В самой крепости, в мрачном каземате, ночью собралось пять тюремщиков, они задали Мышкину несколько вопросов и… вынесли приговор:
«Подсудимого Мышкина за преступление его, на основании пункта «б» 2-й части 98 ст. и 279 ст. XII С. В. П. 1869 года, § 5, высочайше утвержденного 19 июля 1884 года Положения о Шлиссельбургской тюрьме, как лишенного уже всех прав состояния, подвергнуть смертной казни расстрелянием…»
После «суда» Мышкина перевели в другую камеру. Он бросился на койку и до крови закусил губу от бессильного гнева. Враги не дали ему говорить с народом через их головы.
Давила тоска.
Ничего неожиданного, внезапного не случилось: он знал, что его умертвят, но… так подло, так трусливо, не дав ему высказать всего, что огнем горит в сердце!
В новой камере было окно с незакрашенными стеклами. Мышкин подошел к окну. На синевато-зеленом небе трепещут крупные звезды. Крепостная стена покрыта инеем, а в инее также мерцают крохотные звездочки. На земле синеватый снег.
Как падение небольшого камня иногда вызывает губительный обвал в горах, так одно-единственное слово «мамаша», возникшее перед главами, вызвало наплыв таких жгучих чувств, что у Мышкина закружилась голова и он был принужден лечь на койку.
На него обрушилось все прошлое, вся прожитая в муках жизнь. Он корчился от боли, словно бесчисленные палачи — и в школе кантонистов, и по разным тюрьмам — все еще секли его и били. Ему было горько от сознания, что навсегда лишился того упоительного счастья, которое ощущал в Мценской тюрьме при первом свидании с матерью. Его душили слезы, когда он опять, как это было в Петропавловке во время болезни, вдруг услышал шепот Фрузи: «Иппушка, как ты похудел».

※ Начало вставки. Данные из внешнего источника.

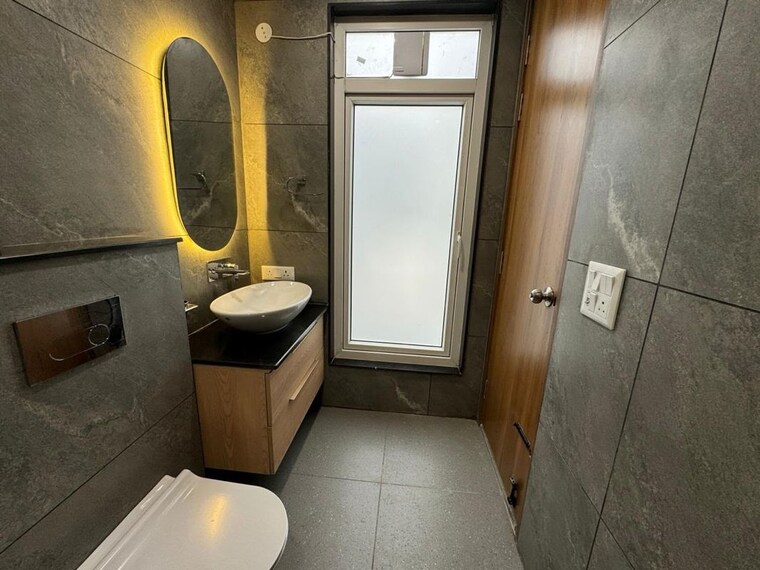Bathroom, dwarka 4 Bedroom 3000 Sq.Ft. Builder Floor In Dwarka Delhi 10513048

Но Мышкин заставил себя взяться за перо. Ему горько, невыносимо тяжело, но и ей, дорогой старушке, будет нелегко. Нужно хоть словом умерить ее горе.
«Мамаша,
Вы мне дороже всех людей на свете. Простите за великое горе, причиненное Вам, так как знаю всем сердцем своим, как любим Вами. Смерть для меня теперь большое облегчение, ибо не могу я больше так страдать и мучиться, как это было до сих пор. Гибнем мы все тут за правое, за святое дело…
Дорогая моя, был я на исповеди и приобщался. Происходило это в тюремной церкви. Все сделал по-Вашему. Умираю спокойно, единственно, о чем жалею, что не могу Вас прижать к своей груди, целовать Ваши руки, Ваше лицо…

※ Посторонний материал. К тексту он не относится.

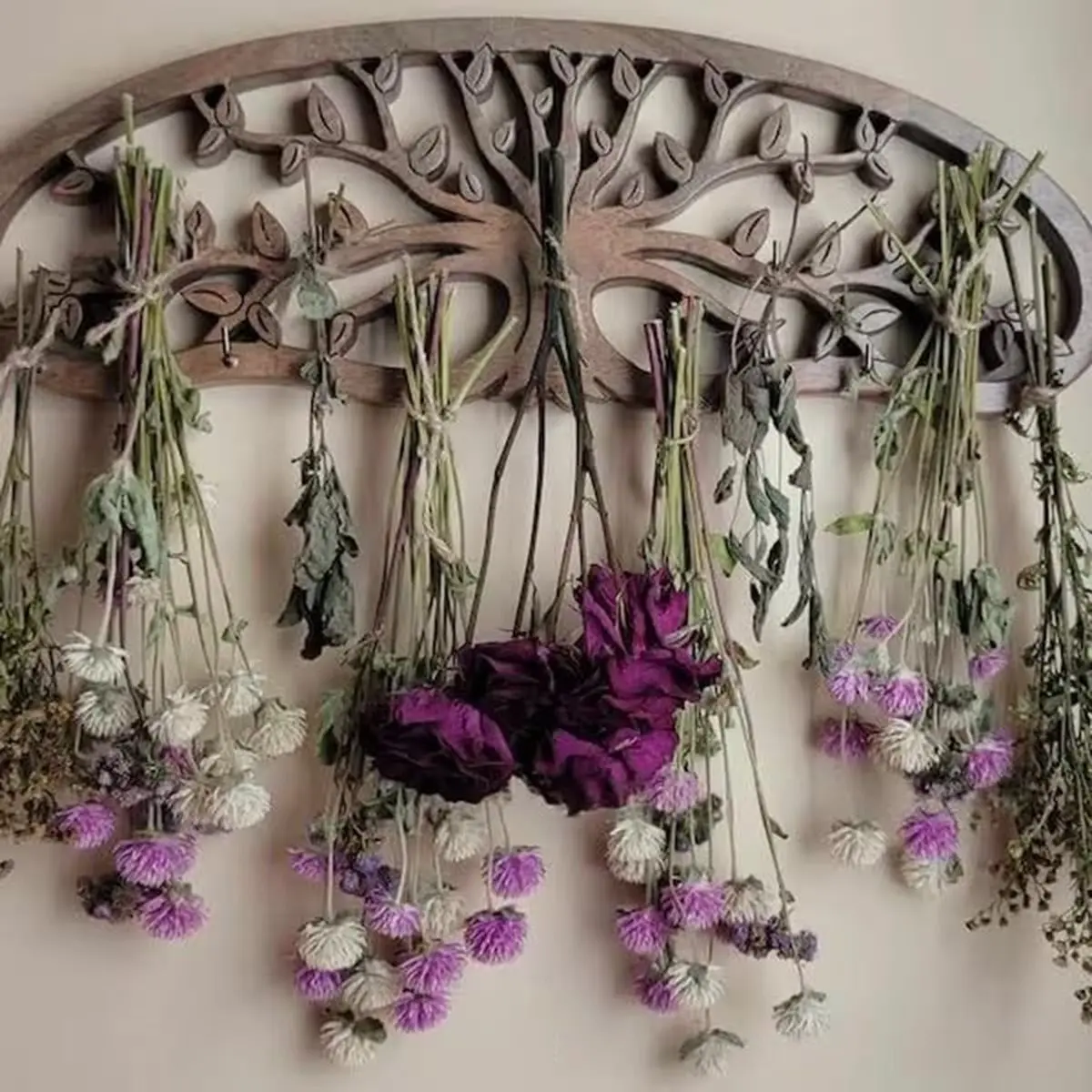 Wall Mounted Wooden Dried Flower Holder - Rustic Boho Hanging Display Shelf for Home Decor, Indoor Herb Drying Rack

Мамаша, все мы должны умереть, разница только в сроках. Когда же становится жить невозможно, то смерть — спасение и благо. Ради Вас я не наложил на себя руки сам, как это сделали некоторые из замученных. У меня же сами мучители отнимают жизнь, и я рад этому — это лучше, чем медленно задыхаться в их когтях. Да и не страшно это: один момент, и все кончено.

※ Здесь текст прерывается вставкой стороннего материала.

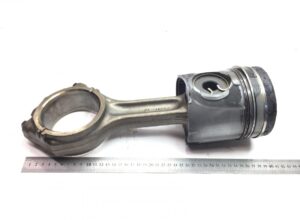 Set piston și biela pentru volvo 8148030, 20584675, 21057449, 20411280, 20485939 1 Set piston și biela pentru volvo 8148030, 20584675, 21057449, 20411280, 20485939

Мамочка дорогая, горько Вам, тяжело Вам будет, но верьте, что для меня легче умереть, чем гнить здесь долгие годы. Прощайте, мысленно обнимаю и целую Вас, дорогая моя. Умру я с мыслью о Вас…
Ипполит».
Мышкин вскочил, схватил себя за голову.
— Что я напирал? Если письмо попадет в руки мыслящему человеку? «Мышкин был на исповеди!» У кого причащался? У тюремщика в рясе! У попа, который в иркутской тюрьме замахнулся на него кадилом и рыкнул: «Врешь! Не расцветет!» Товарищи! Это очень сложно, сложнее, чем многим кажется.
Он опять взялся за перо.
«Дорогой брат Григорий!
Пишу последнее, предсмертное письмо. Прощай, дорогой брат, но знай, что я ни на шаг не отступил от своего пути. Были моменты, когда я слабел духом и делал ошибки, но я стократ искупил это непрерывной борьбой и страданиями, доводившими меня почти до безумия. Теперь, если я остался виновен перед товарищами, страдавшими вместе со мной, смертной казнью искуплю все эти невольные мои прегрешения.